● **Material provided**

=======

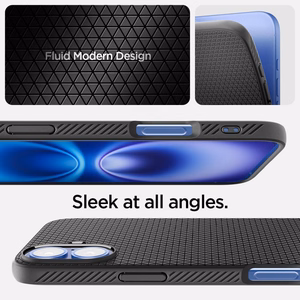 Spigen Liquid Air Suojakuori iPhone 16 6,1 mattamusta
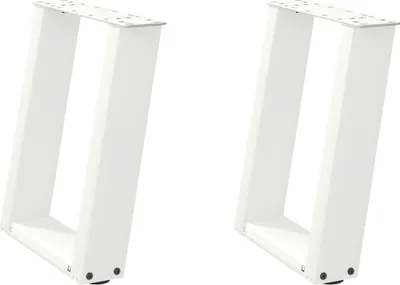 Immagine prodotto di Gambe per Tavolino da Caffè a Forma di U 2 pz Bianche 38x(42-43) cm Acciaio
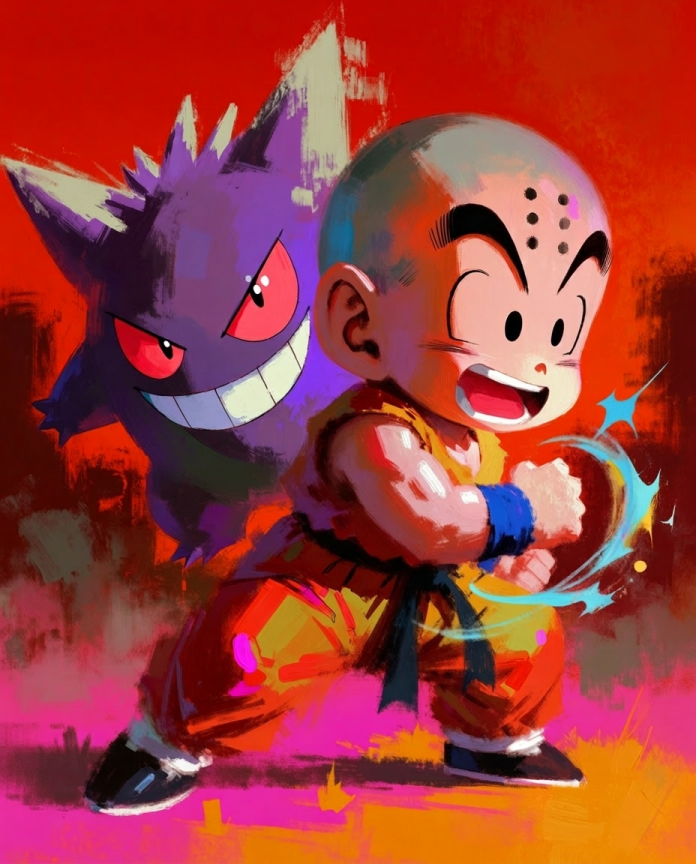 Original crossover artwork of Gengar grinning behind Krillin by Dammit.png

=======

● **Exercise aim**
Retype verbatim only the lines beginning with the line that contains "Immagine prodotto di" and ending with the last line of the listing above; pictures are to be excluded.

● **Reply**
 Immagine prodotto di Gambe per Tavolino da Caffè a Forma di U 2 pz Bianche 38x(42-43) cm Acciaio
 Original crossover artwork of Gengar grinning behind Krillin by Dammit.png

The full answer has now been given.